●エチレングリコール水溶液
エチレングリコールはアルコールの一種で、水に添加することで水の凝固点を下げることができる。自動車用不凍液などの主成分ともなっている。60%濃度での凝固点は約-40℃以下であるが、低温になると粘度が増加するので、流動性を考えると-20℃程度が実用的に使える最低温度である。
また脱イオン水(純水)にエチレングリコールを添加することで、流体の比抵抗を上げることができるので、絶縁性の高い循環液がほしい場合の用途にも使われる。
●ガルデン(GALDEN®)
ソルベイソレクシス社が製造しているフッ素化液の商品名。
パーフロロポリエーテル。高分子化合物であり、重合度によって温度範囲や粘度範囲のグレードが選定できる。
●循環液、恒温循環液
チラーで温度コントロールして、客先装置との間を循環する流体。
凍結温度、沸点、電気絶縁性などを考慮して、用途に合わせて、清水、脱イオン水(純水)、エチレングリコール水溶液、フッ素化液などを選択する。
●清水
ろ過、蒸留されて不純物を除去した水のこと。精製水と呼ぶ場合もある。
●脱イオン水(純水)
不純物、イオン成分を除去した水のこと。パーティクルフィルタで不純物をろ過した後、さらにイオン交換樹脂でイオン分を除去することで得られる。理論上の比抵抗の限界値は18.3MΩ・cmであるが、実際にその数値までにすることは不可能なので1~10MΩ・cm程度の水を脱イオン水(純水)と呼ぶことが多い。
●導電率
液体の電気の通し易さを示す数値で、比抵抗とは逆数の関係にある。単位も抵抗[Ω]の逆数である[S](ジーメンス)を用いて、[S/m]で表す。

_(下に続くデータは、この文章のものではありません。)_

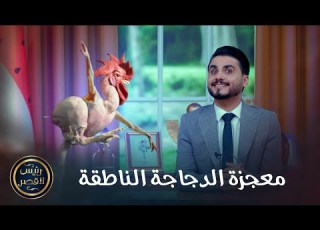 معجزة الدجاجة الناطقة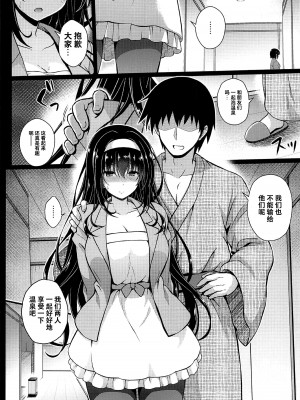 (C103) [夢屋本舗 (夢計画)] 本物ノユクエ 総集編 (冴えない彼女の育てかた) [中国翻訳]_092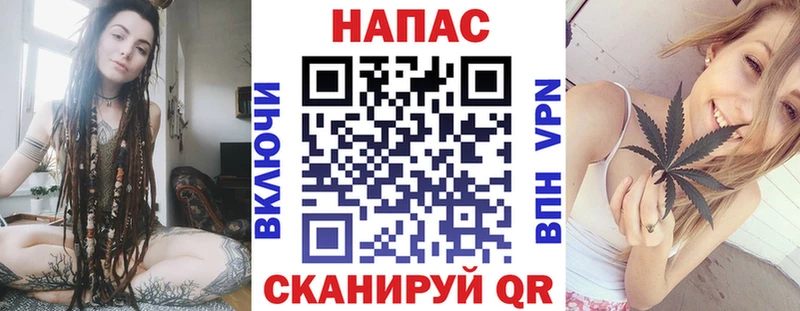 МАРИХУАНА индика Дмитровск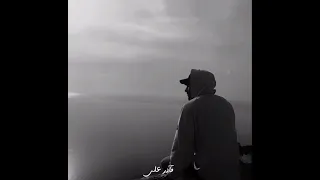 احمد بتشان  ده انا شايل في قلبي كتير   دندنها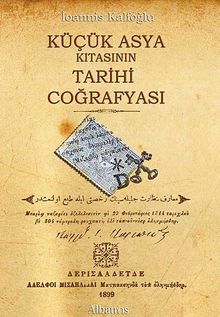 Küçük Asya Kıtasının Tarihi Coğrafyası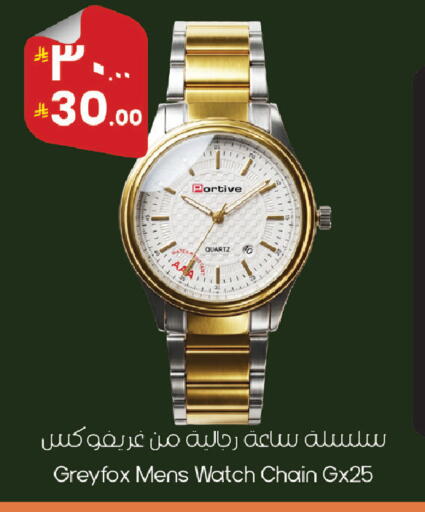 available at ستي فلاور in مملكة العربية السعودية, السعودية, سعودية - سكاكا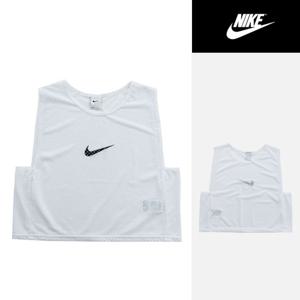 나이키 드라이 PARK 20 BIB 팀베스트(7425-100)팀조끼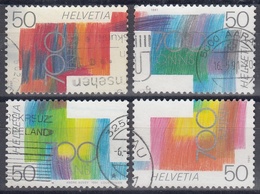 SUIZA 1991 Nº 1368/1371 USADO - Used Stamps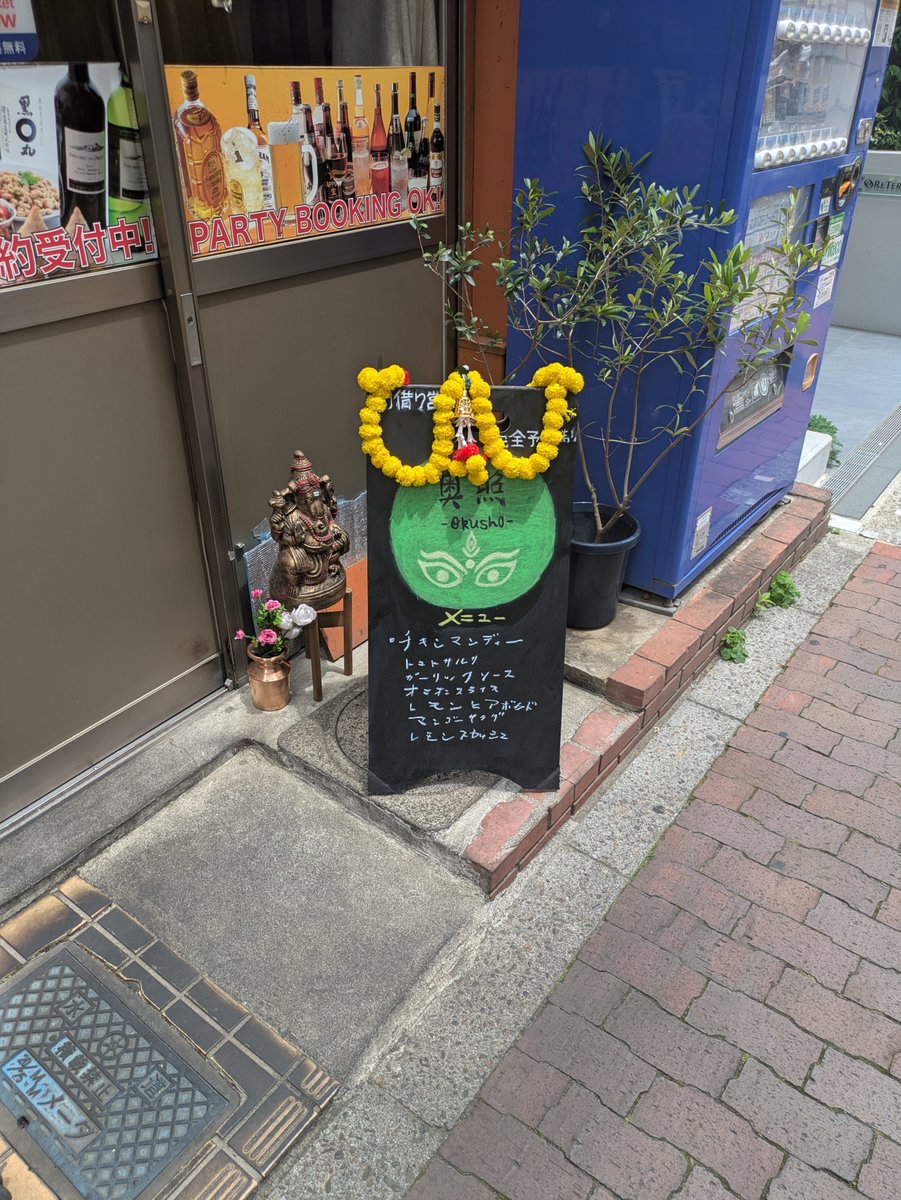 Hagy_e's tweet photo. 『奥照』西日暮里
またまた凄いお店に出会った。一時のスパイスカレーブームが落ち着いて、最近は『emerada』にしろ『表面張力』にしろ少数精鋭で増えてる感じがする。 https://t.co/mlTWbeZfPz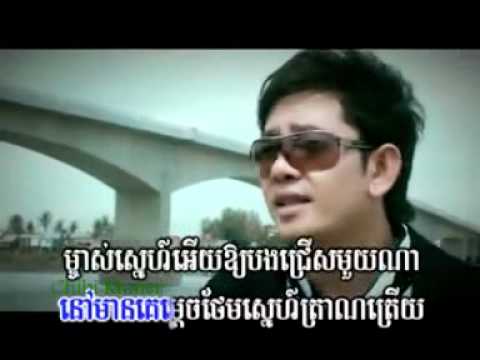 Tous Jum Kor Min Joub   Karona Pich Town Production Vcd Vol 3 Khmer Song 2010
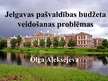 Diplomdarbs 'Jelgavas pašvaldības budžeta veidošanas problēmas', 59.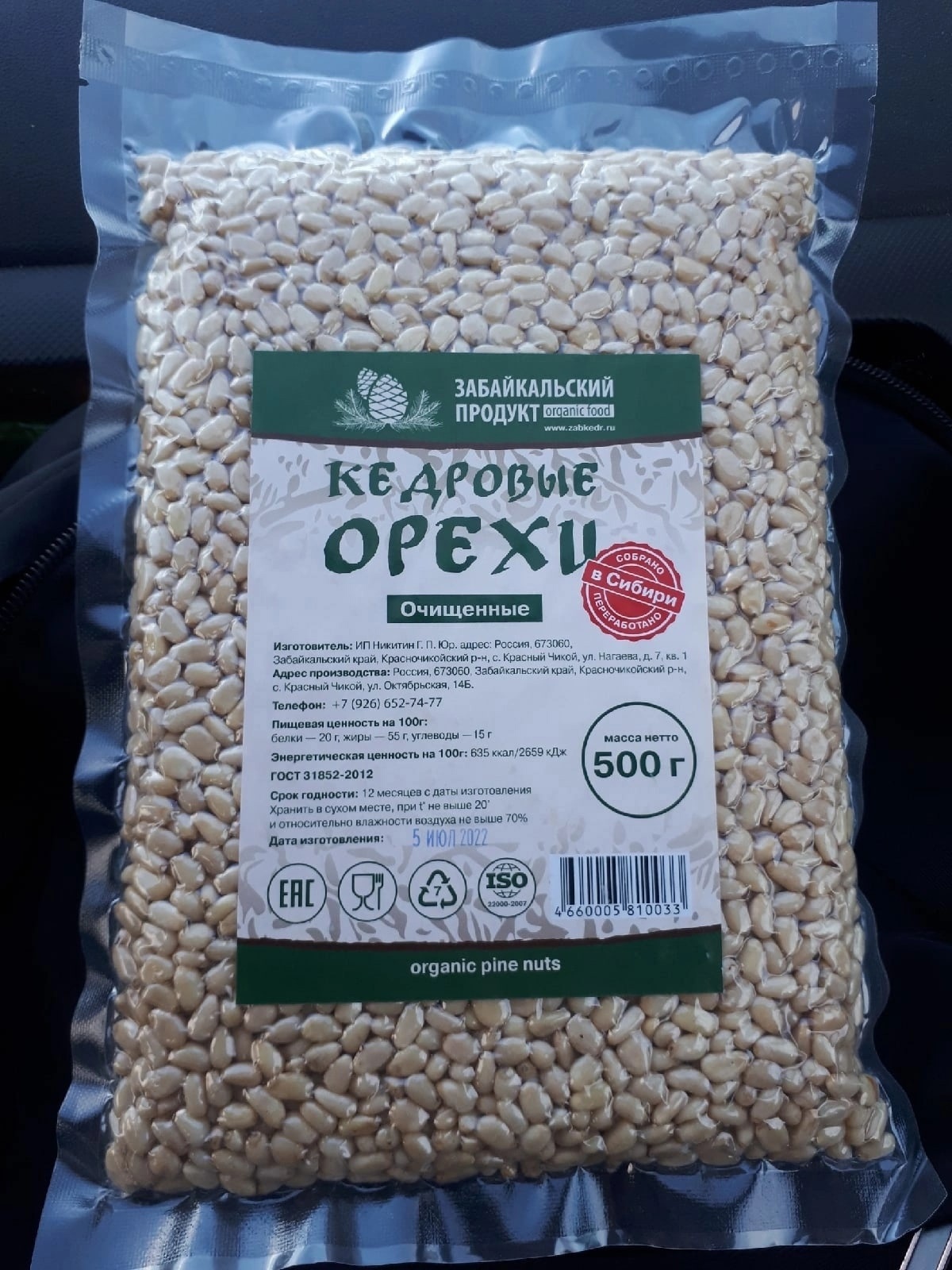 Сбор до 18.10. Кедровый орех 0,5 кг по 550 руб. Сбор до 18.10. Кедровый орех 0,5 кг по 550 руб.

25℃の理論脱イオン水(純水)導電率は0.055[μS/m]である。
●熱負荷
→冷却能力
●熱量
本カタログで使用する、熱量、熱負荷、冷却能力などの言葉は、単位時間に吸収、あるいは放出する熱量を示す。従って、単位としては仕事率である[W]=[J/s]や[kcal/hr]となる。
1kW=860kcal/hr
●粘度
液体などのねばりの度合いのこと。
絶対粘度の単位は[Pa・s]であるがCGS単位系での[P](ポアズ)がよく利用される。
1[Pa・s]=10[P]
また、絶対粘度を密度で割った数値を動粘度と言う。単位は[m2/s]であるが、一般に[St](ストークス)と言う単位がよく使われる。
1[St]=0.0001[m2/s]
●比抵抗
液体の電気絶縁性を示す数値で、単位は[Ω・cm]。脱イオン水(純水)の場合の比抵抗を示す場合はDIレベル(Deionizedwater)と呼ぶこともある。25℃の理論脱イオン水(純水)の比抵抗は18.3[MΩ・cm]である。
●比熱、比熱容量
圧力または体積が一定の条件のもとに、単位質量の物質を単位温度上昇させる時に必要なエネルギー。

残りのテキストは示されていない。